__Sources:__
1. Wikipedia
2. [Coursera Andrew NG]()
3. [Tom Mitchell's Machine Learning course](http://www.cs.cmu.edu/~tom/)
4. [Machine Learning Mastery](http://machinelearningmastery.com/supervised-and-unsupervised-machine-learning-algorithms/)

In [1]:
# To support both python 2 and python 3
from __future__ import division, print_function, unicode_literals

# Common imports
import numpy as np
import numpy.random as rnd
import os

# to make this notebook's output stable across runs
rnd.seed(42)

# To plot figures
%matplotlib inline
import matplotlib
import matplotlib.pyplot as plt
plt.rcParams['axes.labelsize'] = 14
plt.rcParams['xtick.labelsize'] = 12
plt.rcParams['ytick.labelsize'] = 12

In [2]:
# Where to save the figures
PROJECT_ROOT_DIR = "."

def save_fig(fig_id, tight_layout=True):
    path = os.path.join(PROJECT_ROOT_DIR, "images", fig_id + ".png")
    print("Saving figure", fig_id)
    if tight_layout:
        plt.tight_layout()
    plt.savefig(path, format='png', dpi=300)


### Demo 1

In [48]:
import requests

We'll look to scrape from a website that has table and save it to a `.csv` file. We'll do a quick scrape of a [US Government public database](https://www.cia.gov/library/publications/the-world-factbook/fields/print_2085.html)

In [49]:
stats = requests.get("https://www.cia.gov/library/publications/the-world-factbook/fields/print_2085.html")

In [50]:
#Let's see if we got the content or not?
stats.status_code

200

In [None]:
#Printing content
stats.content

### Demo 3

**BS4 example:**

In [8]:
! pip install beautifulsoup4



In [9]:
from bs4 import BeautifulSoup

In [10]:
soup = BeautifulSoup(stats.content, 'html.parser')

In [None]:
# Randomly selecting a chunk of the html content
soup.prettify()

To separate out all the relevant tags, we need to taste the soup!

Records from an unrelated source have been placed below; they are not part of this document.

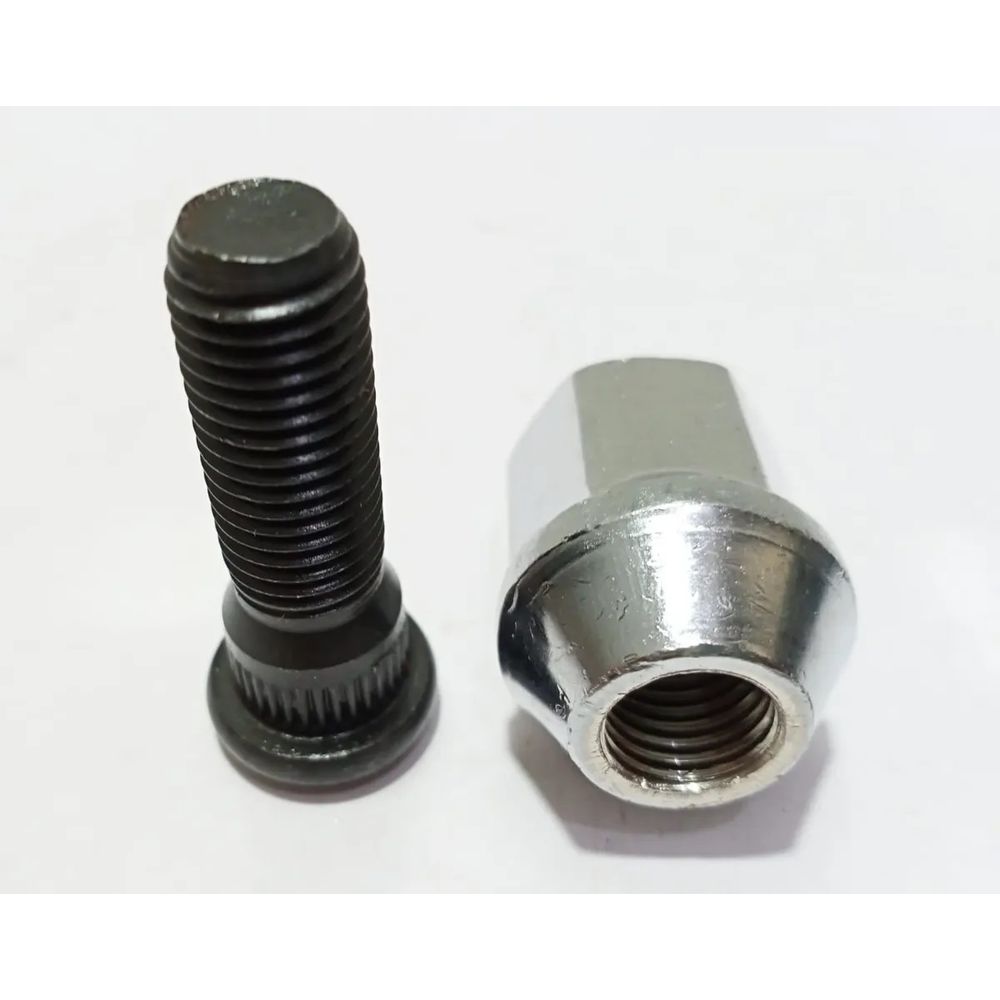 Kit 4 Prisioneiros + 4 Porcas Corolla com Arruela – Fixação Segura e Visual Cromado Premium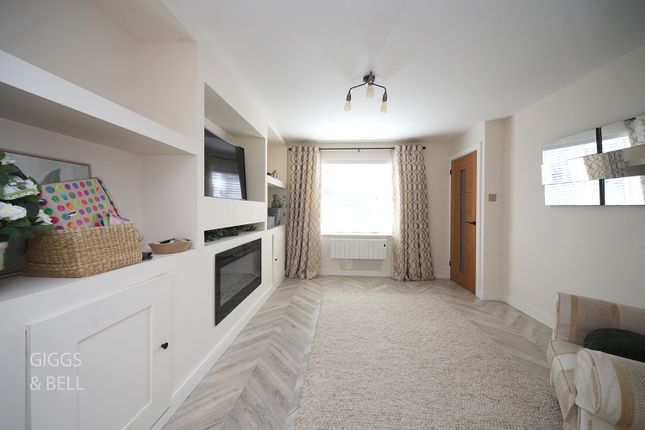 25 Victoria Drive, Houghton Conquest, Bedfordshire photo 3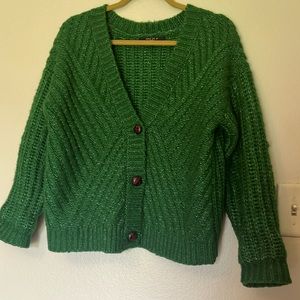 Oversized green cardigan with brown buttons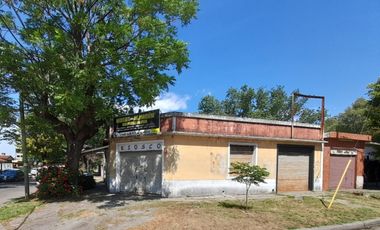 CASA con DEPTO Y TRES LOCALES A RECICLAR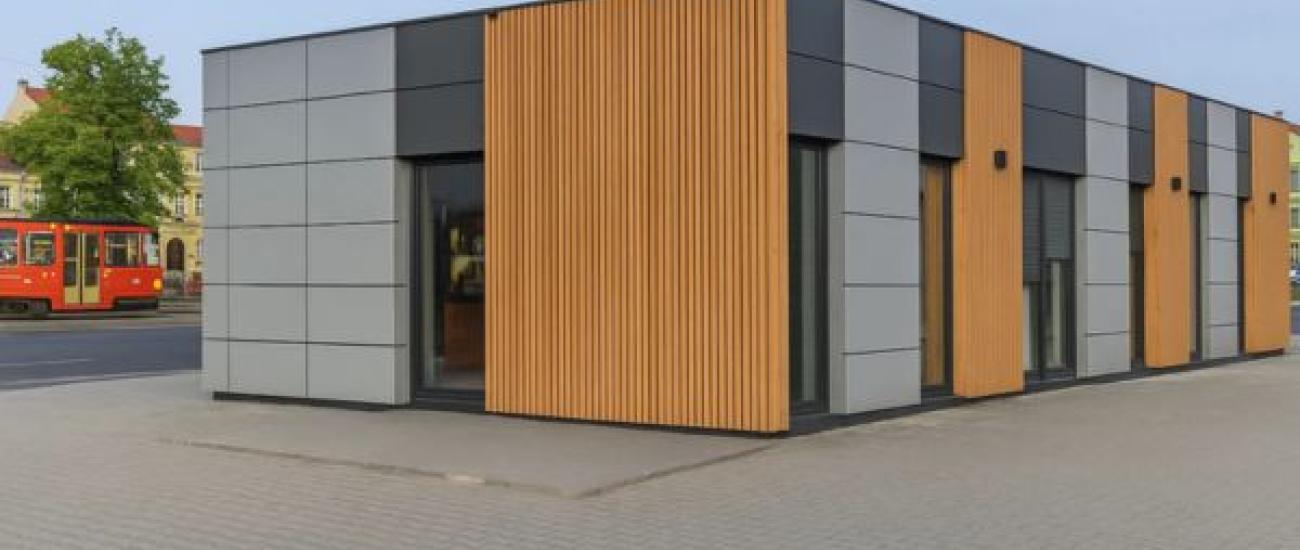 kontener kosmetyczny w mieście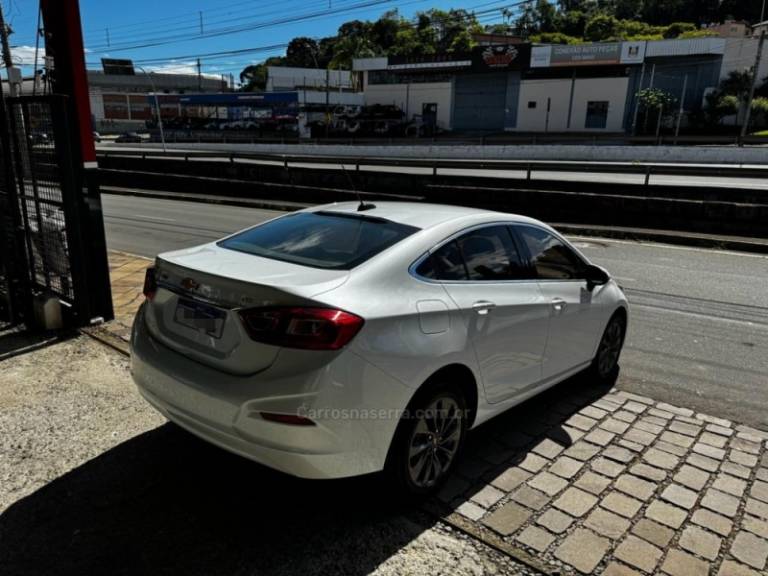 CHEVROLET - CRUZE - 2018/2018 - Branca - R$ 92.900,00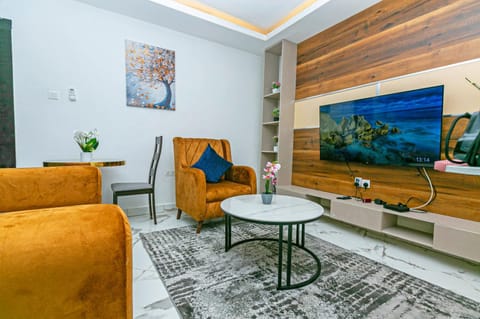 Communal lounge/ TV room, TV and multimedia, Living room, Seating area, Evening entertainment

The list of cast is in the tag `<table class="cast_list">`

In [12]:
table = soup.find("table", attrs={'id':'fieldListing'})

In [13]:
rows = []
for row in table.find_all('tr'):
    rows.append([val.text.encode('utf8') for val in row.find_all('td')])

In [14]:
rows[1]

[b'Afghanistan',
 b'\ntotal: 42,150 km\npaved: 12,350 km\nunpaved: 29,800 km (2006)\n']

### Demo 4

**Saving scapped data into a CSV file**

* We'll now save the raw data to a csv file

In [15]:
# Import csv package
import csv

In [16]:
with open('data/facts.csv', 'w') as f:
    writer = csv.writer(f)
    writer.writerows((row for row in rows if row))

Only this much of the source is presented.